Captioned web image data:
++++++
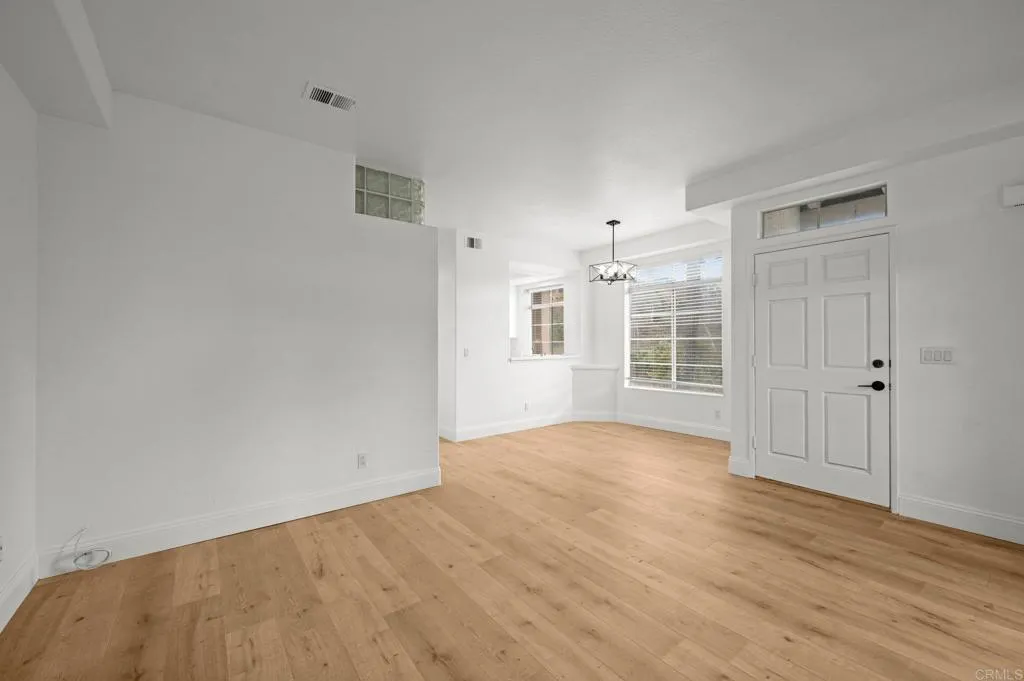 https://cdn.realtyfeed.com/cdn/127/306362259/ba9363a209072bad2799aded574157c0.webp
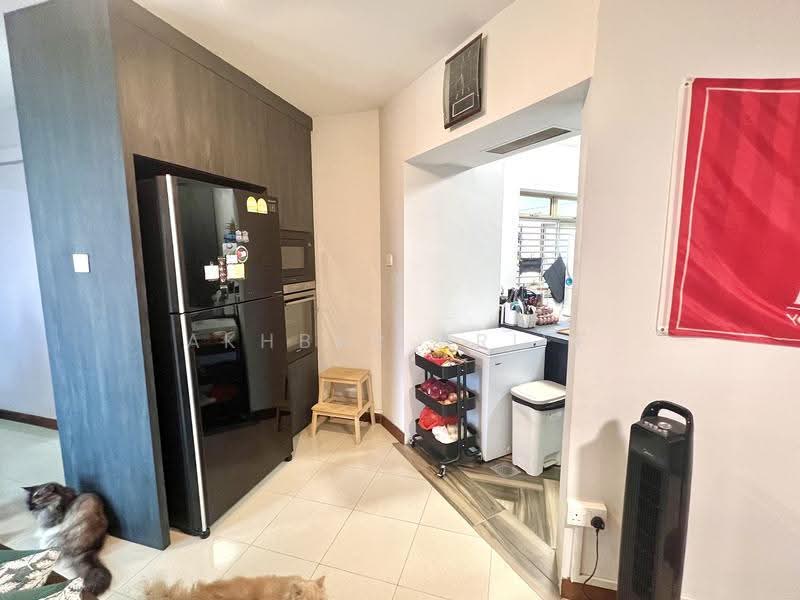 134 Edgedale Plains, 134 Edgedale Plains, Hougang / Punggol / Sengkang, 3 Bedrooms, 1,194 sqft, HDB Flat For Sale, by Akhbar Ariff, 500247682 - Kitchen - PropertyGuru.com.sg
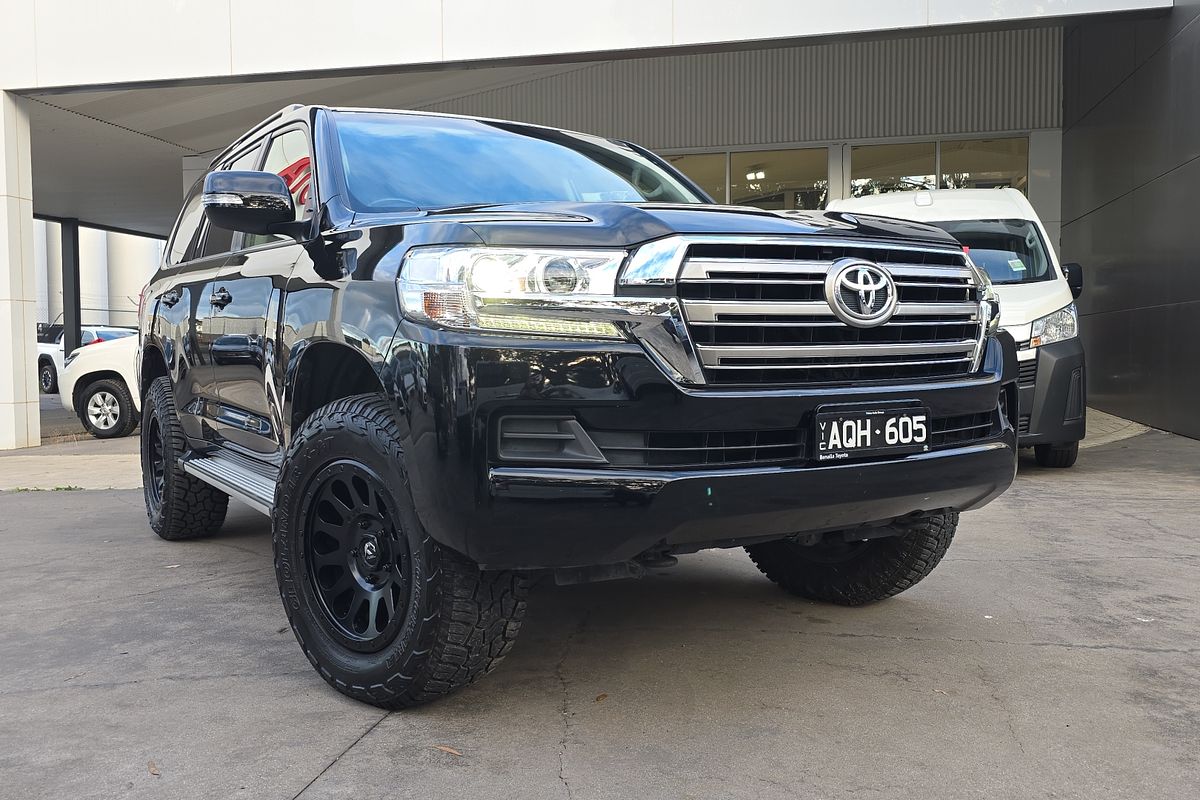 2017 Toyota Landcruiser GXL VDJ200R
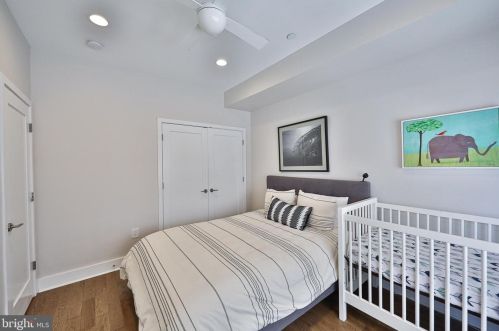 1427 Kater St, Philadelphia PA 19147-1851 exterior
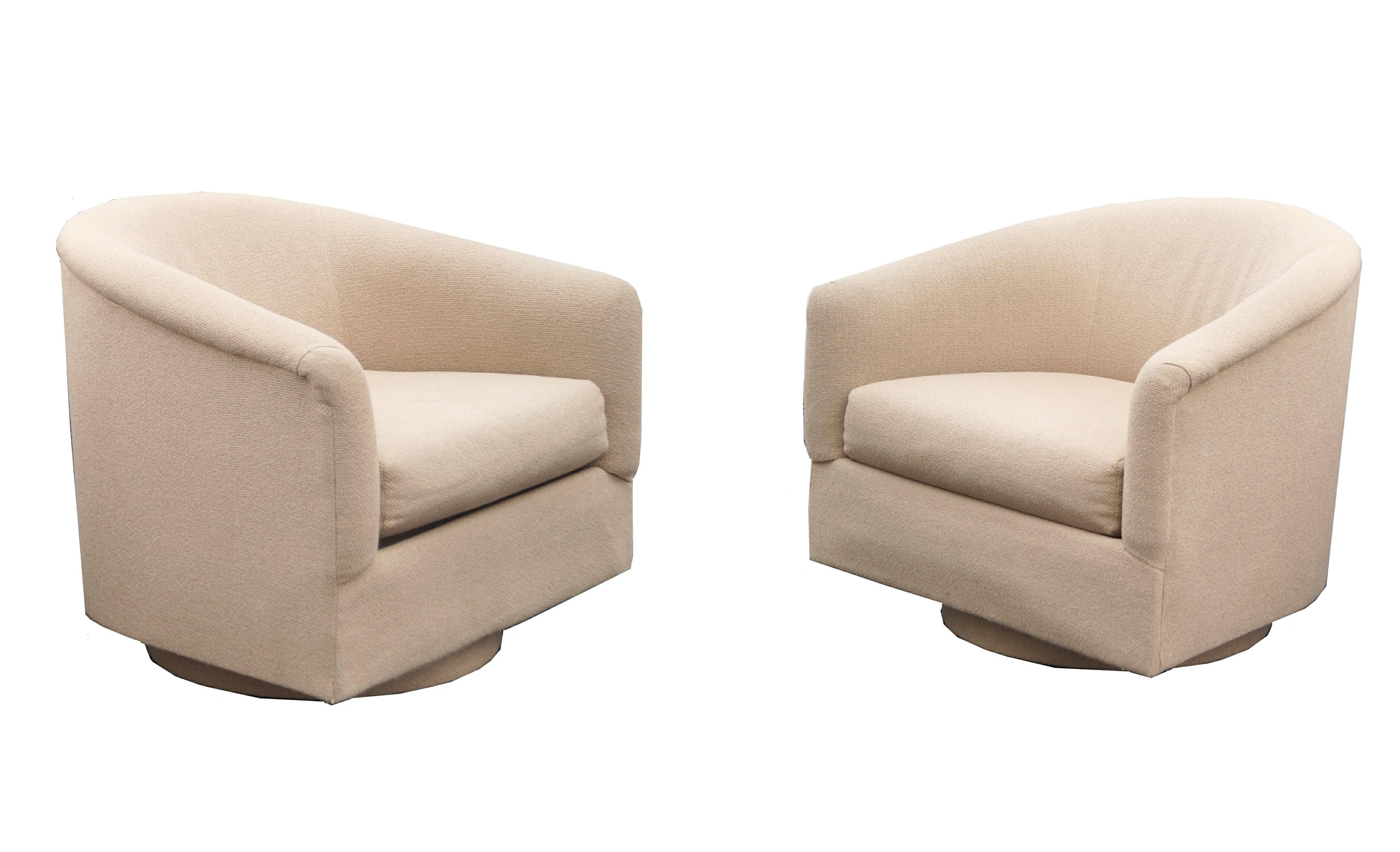 Other Milo Baughman Style Pair of Swivel Barrel Chairs
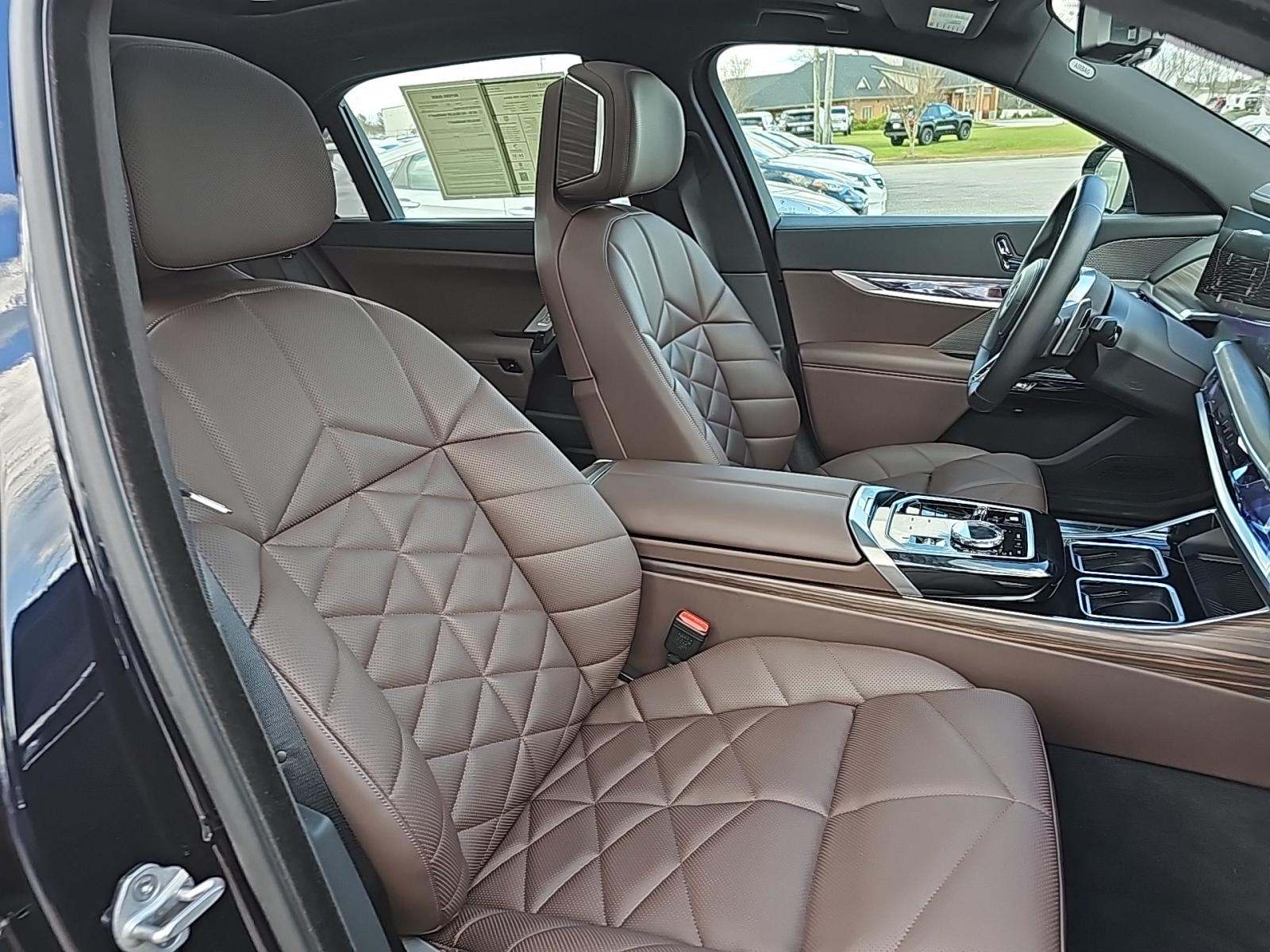 2025 BMW 7 Series 740i xDrive AWD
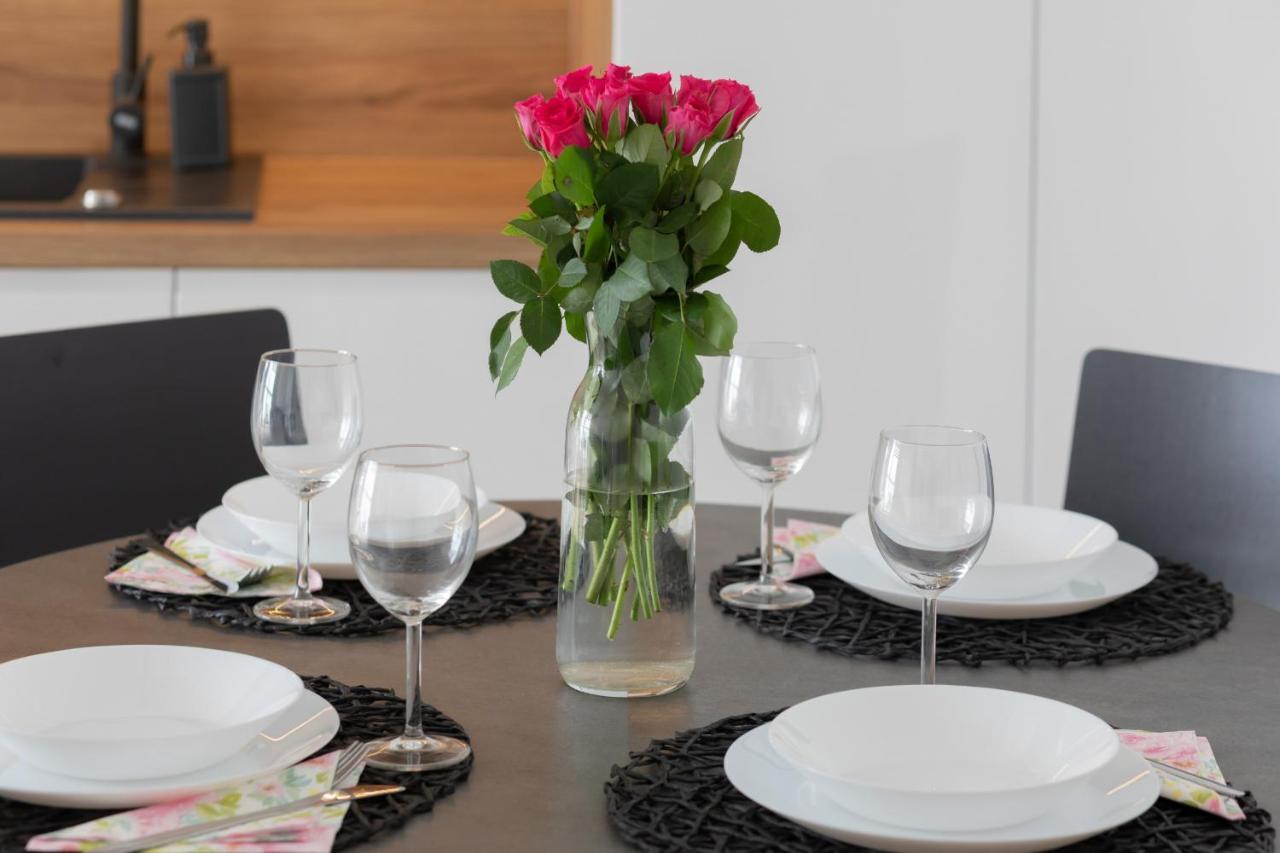 Posesja Kapitanska Przy Plazy Apartments Grzybowo By Noclegi Renters Kültér fotó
++++++
— Work request —
Your copy should match the records word for word, with the pictures removed.

— Solution for this problem —
 https://cdn.realtyfeed.com/cdn/127/306362259/ba9363a209072bad2799aded574157c0.webp
 134 Edgedale Plains, 134 Edgedale Plains, Hougang / Punggol / Sengkang, 3 Bedrooms, 1,194 sqft, HDB Flat For Sale, by Akhbar Ariff, 500247682 - Kitchen - PropertyGuru.com.sg
 2017 Toyota Landcruiser GXL VDJ200R
 1427 Kater St, Philadelphia PA 19147-1851 exterior
 Other Milo Baughman Style Pair of Swivel Barrel Chairs
 2025 BMW 7 Series 740i xDrive AWD
 Posesja Kapitanska Przy Plazy Apartments Grzybowo By Noclegi Renters Kültér fotó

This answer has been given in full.